Ask HN: How will iPhone 5 release affect app developers? - ChelseaT


======
appcoder
I have had a successful run on the App Store. I've had two apps featured by
Apple and one app selected as a staff favorite by Apple.

In June, when Apple changed their search algorithm, my sales dropped by 70%.
The decline continued until it stabilized at around $700 a month. I went from
$5,000 a month of steady app sales for over two years to $700 a month.

Free apps that are completely unrelated to education now show up in search
above my apps.

When IOS6 is released to the public, I expect my sales to fall even more. I
may not even hit $300 a month when IOS6 comes out.

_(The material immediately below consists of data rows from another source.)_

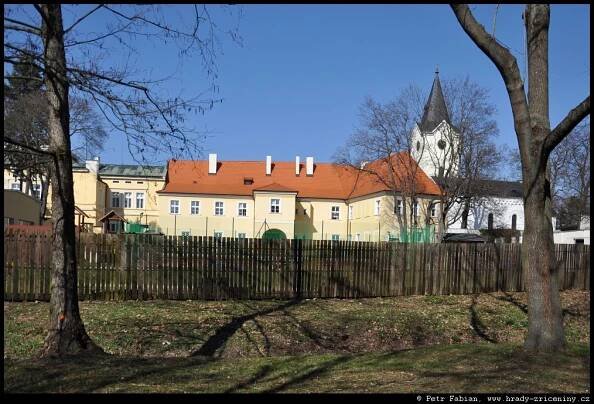 Dolní Počernice – fotografie / hrady-zriceniny.cz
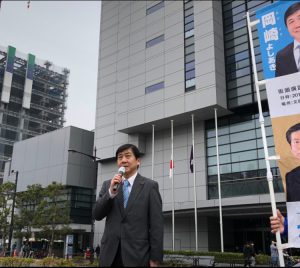 後楽園駅周辺で街頭演説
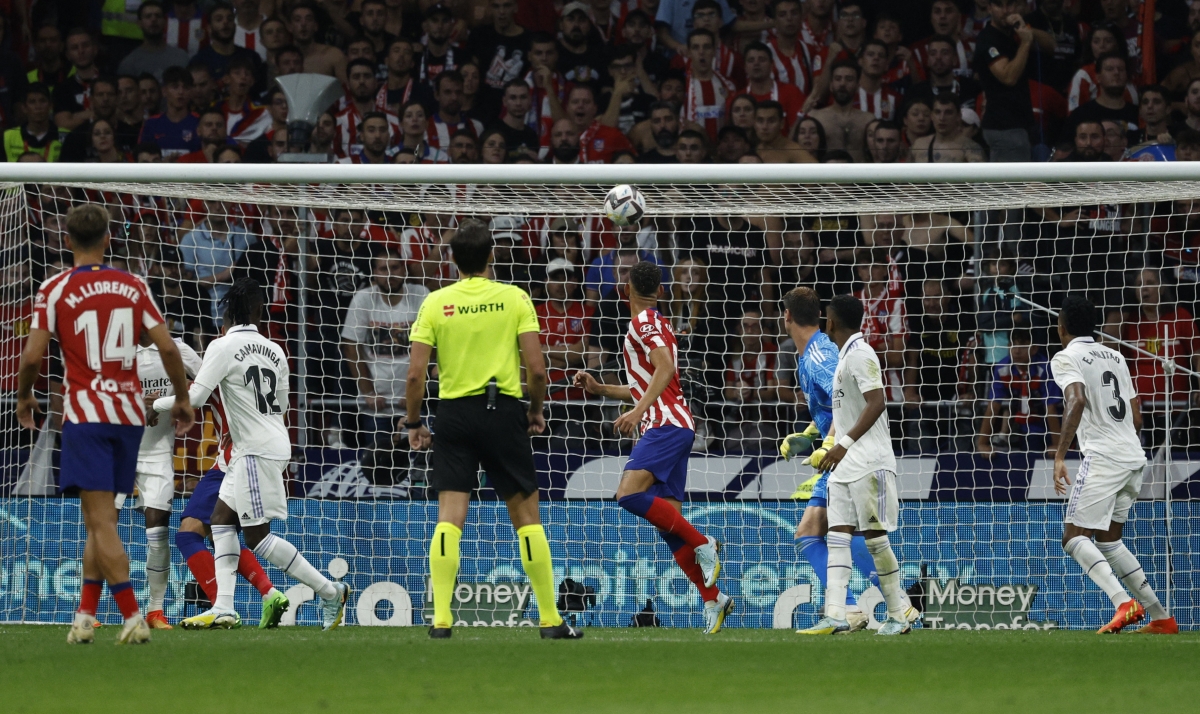 Thắng sát nút Atletico, Real Madrid giữ vững ngôi đầu La Liga - Ảnh 8.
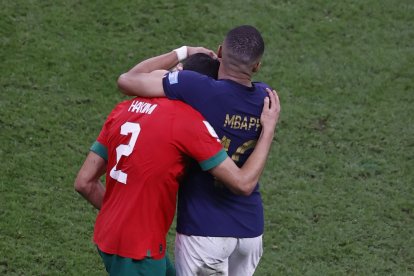 Kylian Mbappe de Francia saluda a Achraf Hakimi de Marruecos, al final de un partido de semifinales del Mundial de Fútbol Qatar 2022 entre Francia y Marruecos en el estadio Al Bait en Jor.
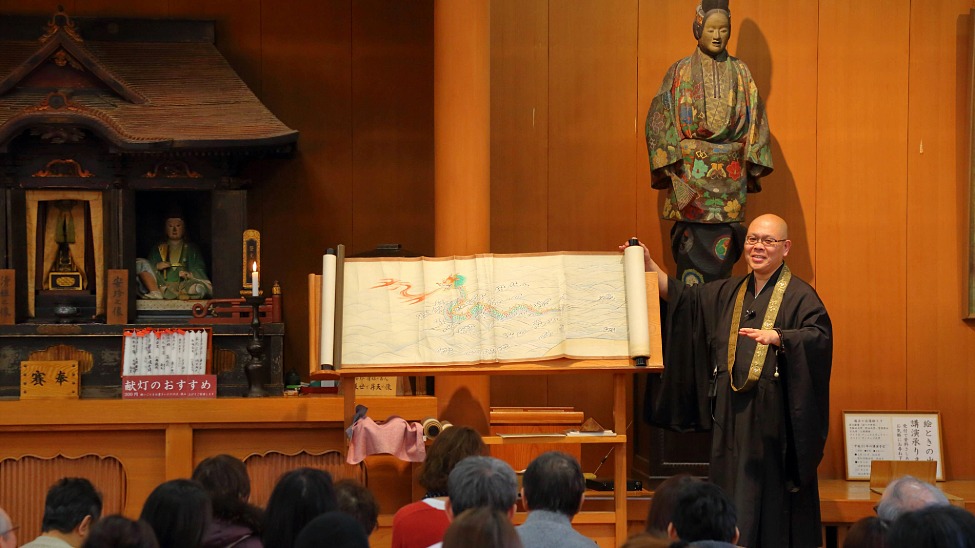 Cruise guests can learn about the temple’s legends from a Buddhist monk at Dojo-ji Temple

The App Store in IOS6 is broken. You can only browse one app at a time when
you search. Throw in a broken search algorithm and app discovery becomes very
difficult.

Current search results favor free apps with a lot of downloads. The new App
Store also does not have a newly released section. So it will be very hard for
new paid apps to gain traction.

I tried external marketing. I tried blog reviews. I tried mobile ads. Nothing
helped. If your apps can't be found, nothing external is going to help. If I
give a customer my app's name and tell them to download it on the app store,
they will most likely end up downloading someone else's free app because they
could not find my app.

As a comparison to this, my gadget & tech site has been earning a steady
$60/day for seven years.

I'm not sure what Apple's play is at this point. But I do know that this has
been a painful summer for a number of IOS developers. And by the look of
things, it's only going to get worse.

I am fortunate enough to have another online income stream that keeps me
comfortable. However, I know that many developers rely solely on Apple for
their income.

All this is really disheartening.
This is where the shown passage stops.